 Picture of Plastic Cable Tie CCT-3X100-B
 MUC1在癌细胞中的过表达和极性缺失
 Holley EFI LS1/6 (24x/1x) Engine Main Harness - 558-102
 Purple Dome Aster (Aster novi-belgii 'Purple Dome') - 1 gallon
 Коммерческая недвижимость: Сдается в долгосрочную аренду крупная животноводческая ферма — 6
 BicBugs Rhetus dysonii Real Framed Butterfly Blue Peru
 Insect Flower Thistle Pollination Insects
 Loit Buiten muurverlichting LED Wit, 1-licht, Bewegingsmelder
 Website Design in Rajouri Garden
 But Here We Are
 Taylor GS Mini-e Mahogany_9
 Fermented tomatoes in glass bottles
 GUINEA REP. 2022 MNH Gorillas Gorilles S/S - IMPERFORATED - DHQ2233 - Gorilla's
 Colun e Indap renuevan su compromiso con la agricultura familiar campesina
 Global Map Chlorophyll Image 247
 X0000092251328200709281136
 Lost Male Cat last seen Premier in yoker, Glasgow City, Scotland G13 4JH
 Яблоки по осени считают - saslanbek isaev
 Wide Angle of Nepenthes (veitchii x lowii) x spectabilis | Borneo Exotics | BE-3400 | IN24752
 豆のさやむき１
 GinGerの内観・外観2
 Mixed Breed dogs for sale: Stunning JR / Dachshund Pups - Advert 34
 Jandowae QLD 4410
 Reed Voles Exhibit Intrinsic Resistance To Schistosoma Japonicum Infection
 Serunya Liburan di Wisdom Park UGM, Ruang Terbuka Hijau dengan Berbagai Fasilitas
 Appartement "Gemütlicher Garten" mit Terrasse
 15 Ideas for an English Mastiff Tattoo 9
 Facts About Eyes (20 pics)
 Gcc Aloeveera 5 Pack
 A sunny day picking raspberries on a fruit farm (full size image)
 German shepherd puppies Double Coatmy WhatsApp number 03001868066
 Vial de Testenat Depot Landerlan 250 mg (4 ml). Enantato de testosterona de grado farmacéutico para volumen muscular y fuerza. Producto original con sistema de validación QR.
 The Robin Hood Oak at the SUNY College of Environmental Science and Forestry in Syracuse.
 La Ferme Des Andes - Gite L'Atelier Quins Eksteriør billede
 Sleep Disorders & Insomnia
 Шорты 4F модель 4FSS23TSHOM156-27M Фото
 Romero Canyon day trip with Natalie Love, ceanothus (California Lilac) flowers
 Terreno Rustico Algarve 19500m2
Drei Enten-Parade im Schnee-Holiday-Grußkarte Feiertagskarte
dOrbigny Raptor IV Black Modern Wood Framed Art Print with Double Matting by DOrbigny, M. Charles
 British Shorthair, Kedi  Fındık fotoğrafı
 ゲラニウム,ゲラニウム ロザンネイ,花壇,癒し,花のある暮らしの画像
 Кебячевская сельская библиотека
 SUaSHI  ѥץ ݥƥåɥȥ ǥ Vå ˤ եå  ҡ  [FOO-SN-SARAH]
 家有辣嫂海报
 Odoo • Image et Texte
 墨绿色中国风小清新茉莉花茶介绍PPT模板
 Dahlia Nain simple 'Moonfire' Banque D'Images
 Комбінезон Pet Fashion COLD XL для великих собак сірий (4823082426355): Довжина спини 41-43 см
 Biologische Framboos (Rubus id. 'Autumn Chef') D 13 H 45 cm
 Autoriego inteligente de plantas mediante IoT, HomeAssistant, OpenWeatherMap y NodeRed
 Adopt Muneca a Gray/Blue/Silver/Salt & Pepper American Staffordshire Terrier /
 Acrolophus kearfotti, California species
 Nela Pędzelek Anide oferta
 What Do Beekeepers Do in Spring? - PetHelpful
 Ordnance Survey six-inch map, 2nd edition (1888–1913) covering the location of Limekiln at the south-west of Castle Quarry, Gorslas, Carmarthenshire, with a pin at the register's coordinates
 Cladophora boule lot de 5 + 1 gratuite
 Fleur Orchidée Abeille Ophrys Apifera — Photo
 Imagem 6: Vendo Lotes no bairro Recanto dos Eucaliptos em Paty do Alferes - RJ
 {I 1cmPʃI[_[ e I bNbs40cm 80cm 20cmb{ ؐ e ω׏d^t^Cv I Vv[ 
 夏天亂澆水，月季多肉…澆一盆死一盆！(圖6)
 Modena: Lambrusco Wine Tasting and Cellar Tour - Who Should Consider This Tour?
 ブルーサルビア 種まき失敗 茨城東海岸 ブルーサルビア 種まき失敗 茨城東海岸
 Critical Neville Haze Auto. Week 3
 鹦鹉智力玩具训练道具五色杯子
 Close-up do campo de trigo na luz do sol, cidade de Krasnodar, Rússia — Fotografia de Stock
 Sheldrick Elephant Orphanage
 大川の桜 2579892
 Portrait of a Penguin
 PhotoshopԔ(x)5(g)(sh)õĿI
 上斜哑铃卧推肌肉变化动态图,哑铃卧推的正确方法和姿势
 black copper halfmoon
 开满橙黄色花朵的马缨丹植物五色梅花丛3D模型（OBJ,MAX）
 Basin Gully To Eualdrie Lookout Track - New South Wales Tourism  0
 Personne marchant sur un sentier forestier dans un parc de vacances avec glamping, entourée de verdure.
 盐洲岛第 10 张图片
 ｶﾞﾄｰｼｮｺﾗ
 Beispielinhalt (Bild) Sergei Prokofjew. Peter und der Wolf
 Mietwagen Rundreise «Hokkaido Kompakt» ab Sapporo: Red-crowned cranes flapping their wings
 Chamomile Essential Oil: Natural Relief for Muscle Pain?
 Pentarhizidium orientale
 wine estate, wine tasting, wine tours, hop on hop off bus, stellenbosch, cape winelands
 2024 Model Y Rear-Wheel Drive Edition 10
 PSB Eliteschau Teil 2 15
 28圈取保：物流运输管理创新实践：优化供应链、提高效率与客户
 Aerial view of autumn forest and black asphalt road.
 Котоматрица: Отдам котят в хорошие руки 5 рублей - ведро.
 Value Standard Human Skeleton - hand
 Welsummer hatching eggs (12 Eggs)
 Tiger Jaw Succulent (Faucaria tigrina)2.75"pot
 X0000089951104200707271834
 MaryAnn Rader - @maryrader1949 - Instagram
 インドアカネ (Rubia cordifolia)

___

◆ Action item ◆
The lines above, starting at the one with "Terreno Rustico Algarve 19500m2" and ending at the one with "Modena: Lambrusco Wine", are the only ones to return, exactly as written.

◆ Expected output ◆
 Terreno Rustico Algarve 19500m2
Drei Enten-Parade im Schnee-Holiday-Grußkarte Feiertagskarte
dOrbigny Raptor IV Black Modern Wood Framed Art Print with Double Matting by DOrbigny, M. Charles
 British Shorthair, Kedi  Fındık fotoğrafı
 ゲラニウム,ゲラニウム ロザンネイ,花壇,癒し,花のある暮らしの画像
 Кебячевская сельская библиотека
 SUaSHI  ѥץ ݥƥåɥȥ ǥ Vå ˤ եå  ҡ  [FOO-SN-SARAH]
 家有辣嫂海报
 Odoo • Image et Texte
 墨绿色中国风小清新茉莉花茶介绍PPT模板
 Dahlia Nain simple 'Moonfire' Banque D'Images
 Комбінезон Pet Fashion COLD XL для великих собак сірий (4823082426355): Довжина спини 41-43 см
 Biologische Framboos (Rubus id. 'Autumn Chef') D 13 H 45 cm
 Autoriego inteligente de plantas mediante IoT, HomeAssistant, OpenWeatherMap y NodeRed
 Adopt Muneca a Gray/Blue/Silver/Salt & Pepper American Staffordshire Terrier /
 Acrolophus kearfotti, California species
 Nela Pędzelek Anide oferta
 What Do Beekeepers Do in Spring? - PetHelpful
 Ordnance Survey six-inch map, 2nd edition (1888–1913) covering the location of Limekiln at the south-west of Castle Quarry, Gorslas, Carmarthenshire, with a pin at the register's coordinates
 Cladophora boule lot de 5 + 1 gratuite
 Fleur Orchidée Abeille Ophrys Apifera — Photo
 Imagem 6: Vendo Lotes no bairro Recanto dos Eucaliptos em Paty do Alferes - RJ
 {I 1cmPʃI[_[ e I bNbs40cm 80cm 20cmb{ ؐ e ω׏d^t^Cv I Vv[ 
 夏天亂澆水，月季多肉…澆一盆死一盆！(圖6)
 Modena: Lambrusco Wine Tasting and Cellar Tour - Who Should Consider This Tour?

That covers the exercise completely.